This gives a tolerably good estimate of ɛi unless the information Ki is small (say <100), in which case the corresponding flanking estimate or mean adjacent value of ɛi is preferable. The latter is easier to implement and is taken as the default because there is little difference in the few examples here.

The number m of parameters estimated is typically n for n − 1 intervals and M, whether only ɛi or ɛi and Mi are estimated. The interval method does not allow Mi to be estimated, although the value from the flanking method could be used if regions with high and low estimates of Mi are interspersed. When the number of SNPs is small, the correlation between ɛi and di is expected to vary symmetrically around 0, making Σɛidi unequal to ɛΣdi, where ɛ is the regional value. To correct for this, interpolation of small LD maps into a standard map should scale LDU by ɛΣdi/Σɛidi. We omit this refinement pending a standard LD map based on dense markers and a trustworthy sequence.

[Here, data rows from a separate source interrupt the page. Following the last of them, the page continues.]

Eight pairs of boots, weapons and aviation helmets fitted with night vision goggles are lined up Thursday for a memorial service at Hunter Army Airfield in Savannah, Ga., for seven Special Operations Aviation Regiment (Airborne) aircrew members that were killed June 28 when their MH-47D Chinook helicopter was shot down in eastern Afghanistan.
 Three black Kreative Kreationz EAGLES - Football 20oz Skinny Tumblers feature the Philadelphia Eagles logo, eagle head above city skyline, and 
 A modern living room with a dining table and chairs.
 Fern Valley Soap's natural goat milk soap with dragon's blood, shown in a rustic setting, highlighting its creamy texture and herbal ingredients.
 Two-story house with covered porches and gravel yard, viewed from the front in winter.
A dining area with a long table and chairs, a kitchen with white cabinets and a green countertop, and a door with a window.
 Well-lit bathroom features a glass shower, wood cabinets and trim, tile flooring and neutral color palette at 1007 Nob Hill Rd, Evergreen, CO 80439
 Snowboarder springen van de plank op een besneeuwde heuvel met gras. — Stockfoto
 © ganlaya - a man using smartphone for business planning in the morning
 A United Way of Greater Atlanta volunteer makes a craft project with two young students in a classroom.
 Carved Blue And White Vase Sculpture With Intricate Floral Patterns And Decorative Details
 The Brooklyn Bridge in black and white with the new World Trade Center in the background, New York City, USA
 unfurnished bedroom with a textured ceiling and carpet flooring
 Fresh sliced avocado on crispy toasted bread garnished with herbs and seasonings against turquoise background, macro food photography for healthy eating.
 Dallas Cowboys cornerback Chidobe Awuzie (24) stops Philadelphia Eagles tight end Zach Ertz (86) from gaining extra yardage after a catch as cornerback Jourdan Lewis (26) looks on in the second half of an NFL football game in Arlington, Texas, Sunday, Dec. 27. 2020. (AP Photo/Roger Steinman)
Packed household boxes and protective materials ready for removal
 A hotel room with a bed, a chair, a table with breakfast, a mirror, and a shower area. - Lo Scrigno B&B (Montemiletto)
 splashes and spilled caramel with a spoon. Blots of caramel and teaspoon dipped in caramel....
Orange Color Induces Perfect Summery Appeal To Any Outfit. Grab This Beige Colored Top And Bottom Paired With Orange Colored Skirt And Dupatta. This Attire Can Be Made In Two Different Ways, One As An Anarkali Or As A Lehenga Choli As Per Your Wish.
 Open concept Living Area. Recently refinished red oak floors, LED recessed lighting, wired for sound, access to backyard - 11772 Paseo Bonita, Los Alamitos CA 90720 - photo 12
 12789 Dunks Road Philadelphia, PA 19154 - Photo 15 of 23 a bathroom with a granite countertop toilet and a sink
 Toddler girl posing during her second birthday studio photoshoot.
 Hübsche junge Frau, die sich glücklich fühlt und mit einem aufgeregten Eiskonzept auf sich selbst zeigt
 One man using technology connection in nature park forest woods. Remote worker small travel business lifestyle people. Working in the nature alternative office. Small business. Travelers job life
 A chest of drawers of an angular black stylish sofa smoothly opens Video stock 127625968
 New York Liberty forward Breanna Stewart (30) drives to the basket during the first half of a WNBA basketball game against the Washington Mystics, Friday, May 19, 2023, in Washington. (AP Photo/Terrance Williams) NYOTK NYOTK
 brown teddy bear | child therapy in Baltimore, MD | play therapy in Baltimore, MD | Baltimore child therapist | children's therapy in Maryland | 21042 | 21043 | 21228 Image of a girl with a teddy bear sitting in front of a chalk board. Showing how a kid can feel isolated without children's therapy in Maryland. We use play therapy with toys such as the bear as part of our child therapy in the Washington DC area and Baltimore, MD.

The two methods to estimate ɛi were applied to maps with minimal deviation from the Malecot model. Finally, the duration t was estimated from sequence-based integrated maps in the LDB2000 database (http://cedar.genetics.soton.ac.uk/public_html/LDB2000.html).

Chromosome 19

The 795 individuals are controls for a migraine study of the insulin receptor (INSR) region (10). Markers have been entered in the dbSNP database (http://www.ncbi.nlm.nih.gov/SNP/), which creates nine-character accession numbers that are far too long for human communication. Fortunately, the higher-order dbSNP characters have redundancy in this study and are unambiguously reduced to 3 characters (A61, B41) by assigning A = ss40492, B = ss43188.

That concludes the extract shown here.